[Task requirements]: Write the records below out in full, character for character, with no pictures.

[Collected data]:

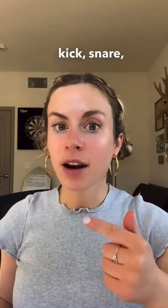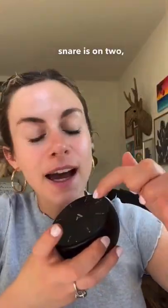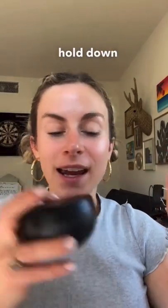I'm going to record kick, snare, hat, and shaker separately. Kick is on 1, snare is on 2, hat is on 3, and to shake you hold down 8 and shake.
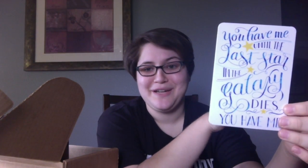We also got this sticker with a quote from Illuminae by Amy Kaufman and Jake Kristoff, which is one of my favorite reads of last year, so I'm excited to find a place for that. It says: 'You have me until the last star in the galaxy dies, you have me.'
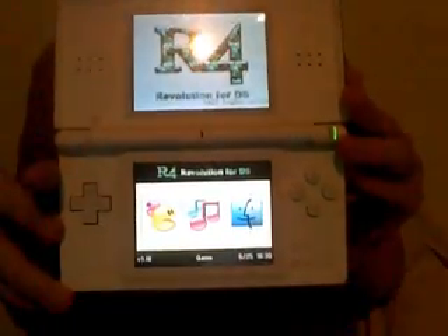Obviously, the early versions of Windows used DOS to run. So, as you can see, I've got my R4 up — there's my R4.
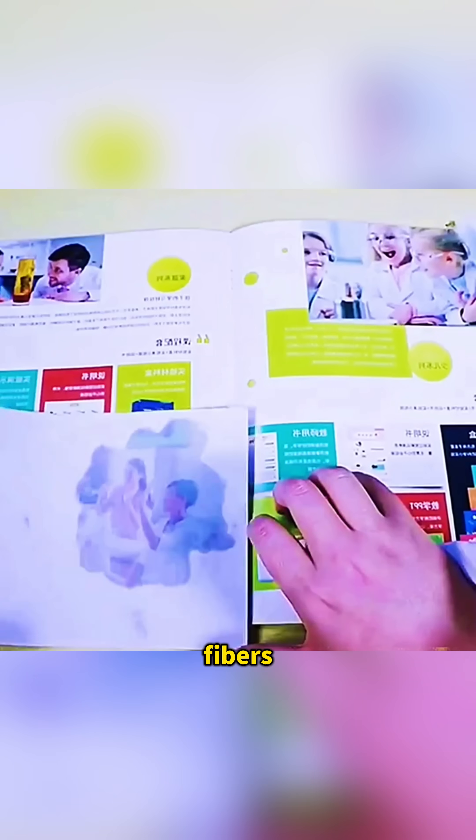Drip a little cooking oil onto white paper, and you'll notice the paper slowly turn see-through as the oil fills the tiny gaps in the fibers.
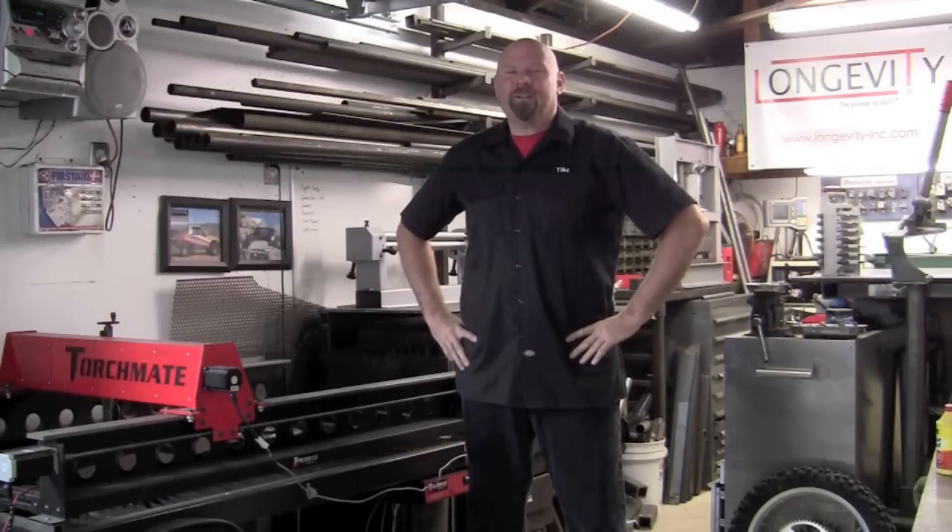Welcome to the Longevity Welding Channel. I'm Tim Roble and today I want to talk to you about plasma cutting basics.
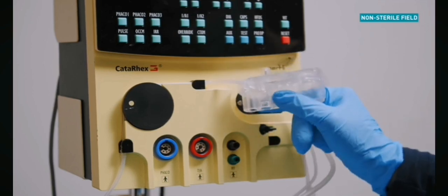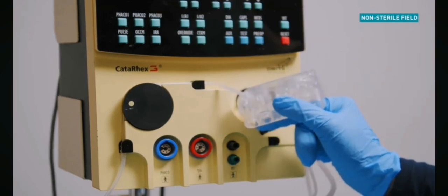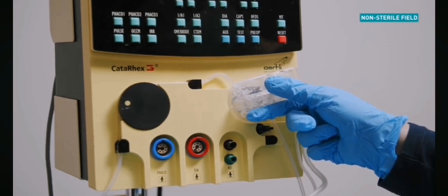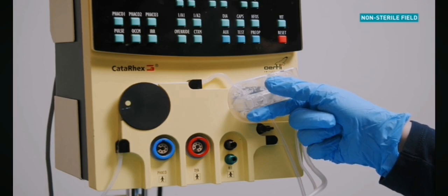Now connect the cassette. Ensure that the guide pin on the back of the cassette lines up with the port on the cassette slot. Holding the cassette at a 45 degree angle, clip the cassette into the locking pins located on the cassette slot. Press the cassette flush against the device.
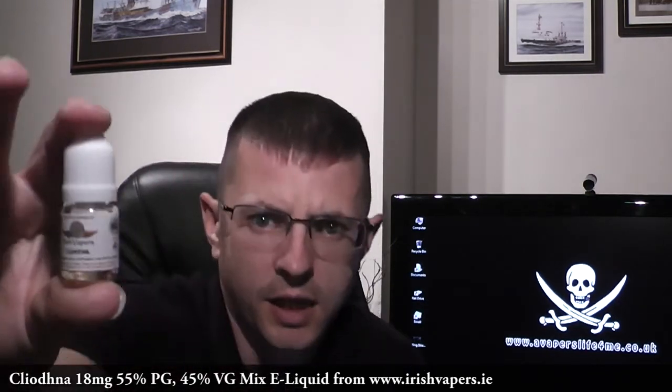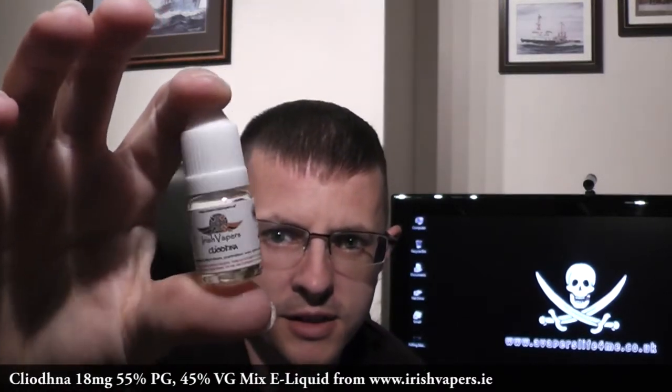Good evening everybody, my name's Dougie. Tonight I'm going to take a look at a juice, sent free of charge for the purpose of review from www.irishvapours.ie. The name is hard to pronounce so I'll put it in the description below. It's an 18 milligram juice and it's a mix of 55% PG and 45% VG.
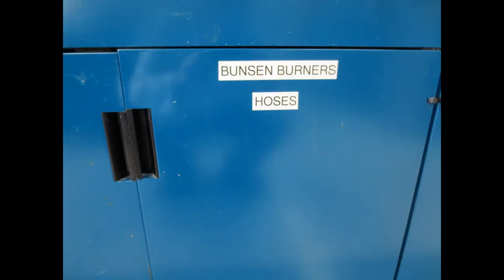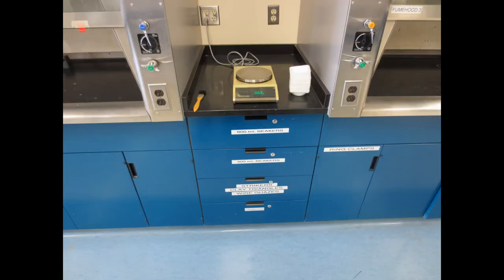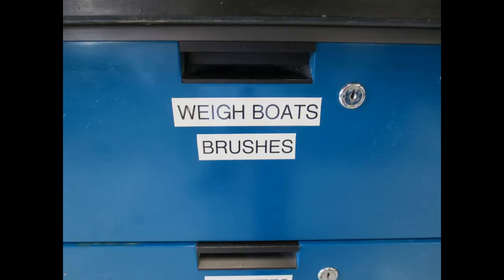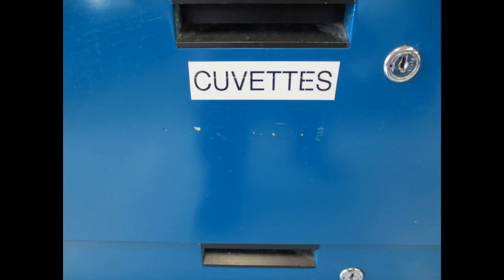Bunsen burners, as well as hoses. A top loading balance, with weigh boats and brushes below. Below this are the cuvettes for the spectrophotometers.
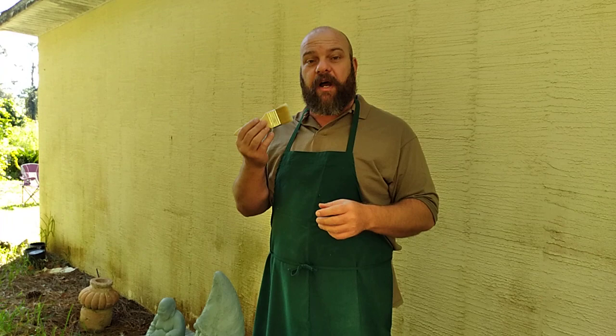But today I just want to do a quick video showing how to dry brush a finish on a rather smooth piece, because that's a little difficult for some people until they learn a simple little technique. So I'm going to show you that here today, so if you want to get a little closer.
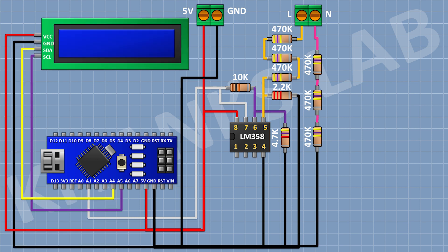After that I'm gonna connect the LCD and connect its VCC pin to the 5V pin of Arduino, its ground pin to ground, its SDA pin to the A4 pin of Arduino, and its SCL pin to the A5 pin of Arduino.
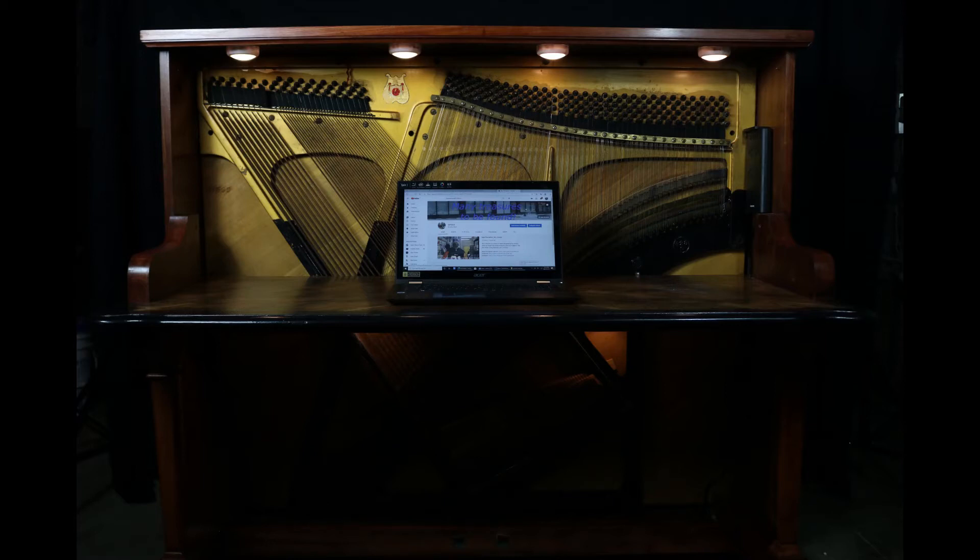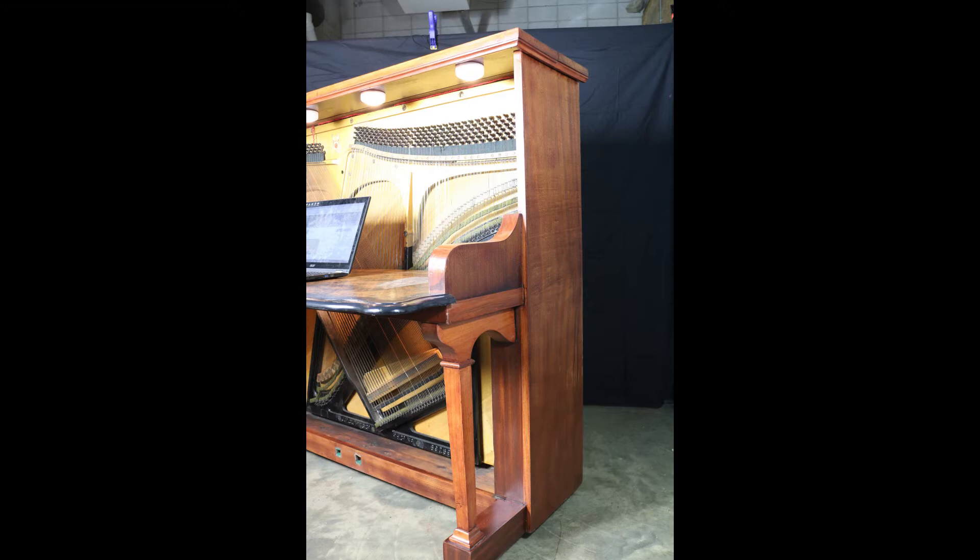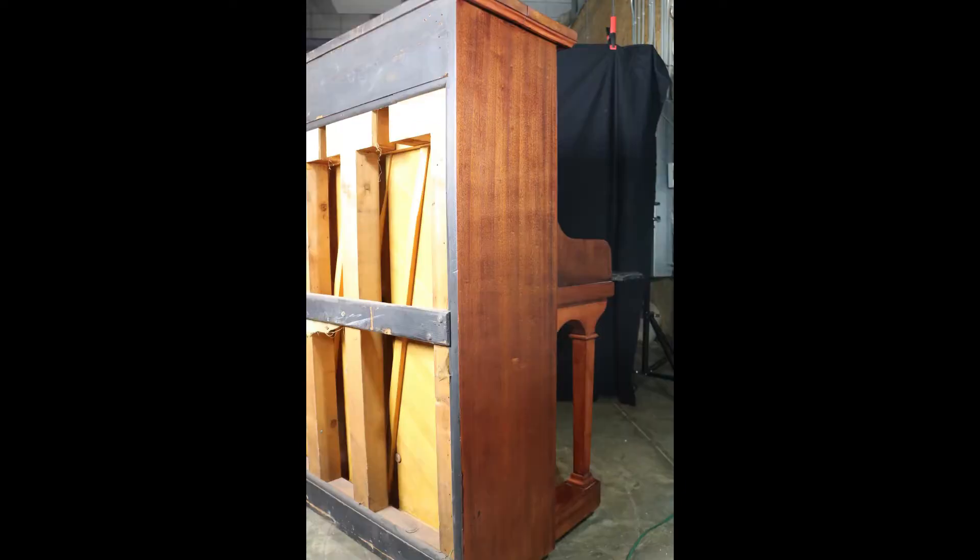Thank you for taking a look and a listen to this short video. I recently completed the repurpose of a 1920s Alberta Wagstaff upright piano. When I received this piano it was in hard shape.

[Response area]:
I'm going to record kick, snare, hat, and shaker separately. Kick is on 1, snare is on 2, hat is on 3, and to shake you hold down 8 and shake.
We also got this sticker with a quote from Illuminae by Amy Kaufman and Jake Kristoff, which is one of my favorite reads of last year, so I'm excited to find a place for that. It says: 'You have me until the last star in the galaxy dies, you have me.'
Obviously, the early versions of Windows used DOS to run. So, as you can see, I've got my R4 up — there's my R4.
Drip a little cooking oil onto white paper, and you'll notice the paper slowly turn see-through as the oil fills the tiny gaps in the fibers.
Welcome to the Longevity Welding Channel. I'm Tim Roble and today I want to talk to you about plasma cutting basics.
Now connect the cassette. Ensure that the guide pin on the back of the cassette lines up with the port on the cassette slot. Holding the cassette at a 45 degree angle, clip the cassette into the locking pins located on the cassette slot. Press the cassette flush against the device.
Good evening everybody, my name's Dougie. Tonight I'm going to take a look at a juice, sent free of charge for the purpose of review from www.irishvapours.ie. The name is hard to pronounce so I'll put it in the description below. It's an 18 milligram juice and it's a mix of 55% PG and 45% VG.
Bunsen burners, as well as hoses. A top loading balance, with weigh boats and brushes below. Below this are the cuvettes for the spectrophotometers.
But today I just want to do a quick video showing how to dry brush a finish on a rather smooth piece, because that's a little difficult for some people until they learn a simple little technique. So I'm going to show you that here today, so if you want to get a little closer.
After that I'm gonna connect the LCD and connect its VCC pin to the 5V pin of Arduino, its ground pin to ground, its SDA pin to the A4 pin of Arduino, and its SCL pin to the A5 pin of Arduino.
Thank you for taking a look and a listen to this short video. I recently completed the repurpose of a 1920s Alberta Wagstaff upright piano. When I received this piano it was in hard shape.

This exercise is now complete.